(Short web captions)
○ ○ ○ ○ ○ ○ ○
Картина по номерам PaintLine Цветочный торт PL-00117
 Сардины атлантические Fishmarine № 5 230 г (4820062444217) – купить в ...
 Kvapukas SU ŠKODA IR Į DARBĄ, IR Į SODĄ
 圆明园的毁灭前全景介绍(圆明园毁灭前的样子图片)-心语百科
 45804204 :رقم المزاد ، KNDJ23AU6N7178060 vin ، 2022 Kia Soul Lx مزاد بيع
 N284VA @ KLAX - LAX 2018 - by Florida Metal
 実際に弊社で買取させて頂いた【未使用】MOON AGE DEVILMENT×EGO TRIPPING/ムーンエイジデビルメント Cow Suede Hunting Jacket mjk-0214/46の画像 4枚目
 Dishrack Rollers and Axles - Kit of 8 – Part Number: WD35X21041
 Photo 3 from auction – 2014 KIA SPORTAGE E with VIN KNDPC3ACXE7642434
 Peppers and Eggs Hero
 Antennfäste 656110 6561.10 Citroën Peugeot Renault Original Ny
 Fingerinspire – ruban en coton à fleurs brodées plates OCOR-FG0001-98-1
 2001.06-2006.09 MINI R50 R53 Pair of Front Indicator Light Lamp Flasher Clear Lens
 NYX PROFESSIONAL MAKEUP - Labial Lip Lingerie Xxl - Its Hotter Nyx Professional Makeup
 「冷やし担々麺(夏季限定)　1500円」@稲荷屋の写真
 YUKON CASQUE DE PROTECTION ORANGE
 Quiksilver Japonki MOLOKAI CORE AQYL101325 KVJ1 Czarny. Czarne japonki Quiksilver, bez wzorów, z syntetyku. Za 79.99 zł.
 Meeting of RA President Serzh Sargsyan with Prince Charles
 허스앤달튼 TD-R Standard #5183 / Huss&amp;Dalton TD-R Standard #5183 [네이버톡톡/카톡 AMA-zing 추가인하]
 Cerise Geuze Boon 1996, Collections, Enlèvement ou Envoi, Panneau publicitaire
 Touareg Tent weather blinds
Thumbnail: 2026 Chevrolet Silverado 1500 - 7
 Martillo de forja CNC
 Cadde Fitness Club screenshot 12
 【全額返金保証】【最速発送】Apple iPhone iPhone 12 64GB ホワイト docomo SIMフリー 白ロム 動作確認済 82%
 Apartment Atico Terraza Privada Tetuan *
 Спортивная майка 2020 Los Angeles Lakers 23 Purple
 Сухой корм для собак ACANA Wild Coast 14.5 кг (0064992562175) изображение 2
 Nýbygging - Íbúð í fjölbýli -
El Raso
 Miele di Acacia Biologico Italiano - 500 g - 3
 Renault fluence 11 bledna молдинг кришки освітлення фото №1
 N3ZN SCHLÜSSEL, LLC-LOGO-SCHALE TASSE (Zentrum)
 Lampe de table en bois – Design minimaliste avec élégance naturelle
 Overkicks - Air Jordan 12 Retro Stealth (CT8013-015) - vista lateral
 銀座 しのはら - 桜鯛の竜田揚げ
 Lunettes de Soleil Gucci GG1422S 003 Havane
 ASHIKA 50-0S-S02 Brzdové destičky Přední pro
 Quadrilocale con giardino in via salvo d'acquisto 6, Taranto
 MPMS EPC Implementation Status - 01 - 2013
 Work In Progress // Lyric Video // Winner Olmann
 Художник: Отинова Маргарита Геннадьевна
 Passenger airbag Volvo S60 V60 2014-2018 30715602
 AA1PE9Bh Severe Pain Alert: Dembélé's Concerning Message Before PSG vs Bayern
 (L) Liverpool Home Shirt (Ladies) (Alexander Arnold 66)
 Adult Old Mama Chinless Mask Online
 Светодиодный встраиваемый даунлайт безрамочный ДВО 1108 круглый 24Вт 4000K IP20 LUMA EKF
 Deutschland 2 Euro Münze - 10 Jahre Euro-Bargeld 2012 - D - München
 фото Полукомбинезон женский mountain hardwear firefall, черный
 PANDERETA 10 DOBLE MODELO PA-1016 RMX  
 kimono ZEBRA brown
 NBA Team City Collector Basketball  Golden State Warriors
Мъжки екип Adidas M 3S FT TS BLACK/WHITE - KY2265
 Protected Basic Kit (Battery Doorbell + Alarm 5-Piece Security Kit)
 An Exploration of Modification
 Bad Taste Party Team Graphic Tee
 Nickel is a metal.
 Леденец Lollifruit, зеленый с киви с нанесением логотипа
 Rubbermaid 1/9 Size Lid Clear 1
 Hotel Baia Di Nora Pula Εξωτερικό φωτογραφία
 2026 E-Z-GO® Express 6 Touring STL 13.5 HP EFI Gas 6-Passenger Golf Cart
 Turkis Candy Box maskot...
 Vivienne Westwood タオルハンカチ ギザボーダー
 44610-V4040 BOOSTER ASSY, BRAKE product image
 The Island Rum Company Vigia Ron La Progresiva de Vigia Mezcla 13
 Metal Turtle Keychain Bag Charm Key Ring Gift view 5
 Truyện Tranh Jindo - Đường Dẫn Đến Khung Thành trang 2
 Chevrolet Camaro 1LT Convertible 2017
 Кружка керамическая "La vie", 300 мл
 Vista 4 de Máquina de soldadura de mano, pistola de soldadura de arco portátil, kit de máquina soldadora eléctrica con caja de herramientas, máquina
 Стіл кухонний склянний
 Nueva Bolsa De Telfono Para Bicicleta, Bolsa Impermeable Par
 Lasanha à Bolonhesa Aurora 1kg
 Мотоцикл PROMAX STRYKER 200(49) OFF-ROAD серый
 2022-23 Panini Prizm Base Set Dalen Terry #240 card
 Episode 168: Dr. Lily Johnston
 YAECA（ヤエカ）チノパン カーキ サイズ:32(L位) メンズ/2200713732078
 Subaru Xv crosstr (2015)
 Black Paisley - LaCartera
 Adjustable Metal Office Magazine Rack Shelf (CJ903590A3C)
○ ○ ○ ○ ○ ○ ○
• What to produce:
Could you copy exactly the lines from the first line of the records above through the line containing "45804204 :رقم المزاد", both included, and nothing else?

• Output for this task:
Картина по номерам PaintLine Цветочный торт PL-00117
 Сардины атлантические Fishmarine № 5 230 г (4820062444217) – купить в ...
 Kvapukas SU ŠKODA IR Į DARBĄ, IR Į SODĄ
 圆明园的毁灭前全景介绍(圆明园毁灭前的样子图片)-心语百科
 45804204 :رقم المزاد ، KNDJ23AU6N7178060 vin ، 2022 Kia Soul Lx مزاد بيع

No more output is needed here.